Northwestern’s offensive line vs. Duke’s front seven
Northwestern’s difficulties along the offensive line against Nevada have been well-documented. Justin Jackson, John Moten, and Jeremy Larkin struggled to find holes and get to the second level against a run defense that was one of the worst in the FBS in 2016. The going will get tougher against Duke, which features several playmakers in its front seven.
The Blue Devils are deploying a strong group of linebackers for this game. Sophomore Joe Giles-Harris and junior Ben Humphreys combined for 20.5 tackles for losses in 2016, while junior Tinashe Bere returns after missing the 2016 season with a knee injury. Add defensive end Tre Hornbuckle, who flashed playmaking ability in week one with 3.5 tackles for loss and two hurries, and you get a front seven with havoc-making capabilities. Northwestern’s offensive line will have a stiffer challenge in Durham on Saturday. Failing to establish the run game early could have more drastic effects than it did last week.
Northwestern’s defensive line vs. Duke’s offensive line.

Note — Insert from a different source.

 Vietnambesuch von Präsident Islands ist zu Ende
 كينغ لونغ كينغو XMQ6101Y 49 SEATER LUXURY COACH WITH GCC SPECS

While Northwestern struggled to muster three yards per carry against a supposedly flimsy Nevada defense, Duke had no problem running the ball against North Carolina Central, piling up 243 rushing yards and four touchdowns on the ground. North Carolina Central is a FCS school, so take those numbers with a grain of salt, but Duke running backs Brittain Brown and Shaun Wilson looked like the real deal while rushing for a combined 9.4 yards per carry. Gabe Brandner and Austin Davis lead a talented Duke offensive line that also features Evan Lisle, a former Ohio State tackle. Quarterback Daniel Jones is a credible threat to run as well, so generating pressure up front will be crucial come Saturday. Joe Gaziano and Tyler Lancaster looked solid against Nevada, but another defensive lineman needs to step up. Sam Miller earned the start alongside Gaziano this week, so look for the freshman to make stops up front for Northwestern.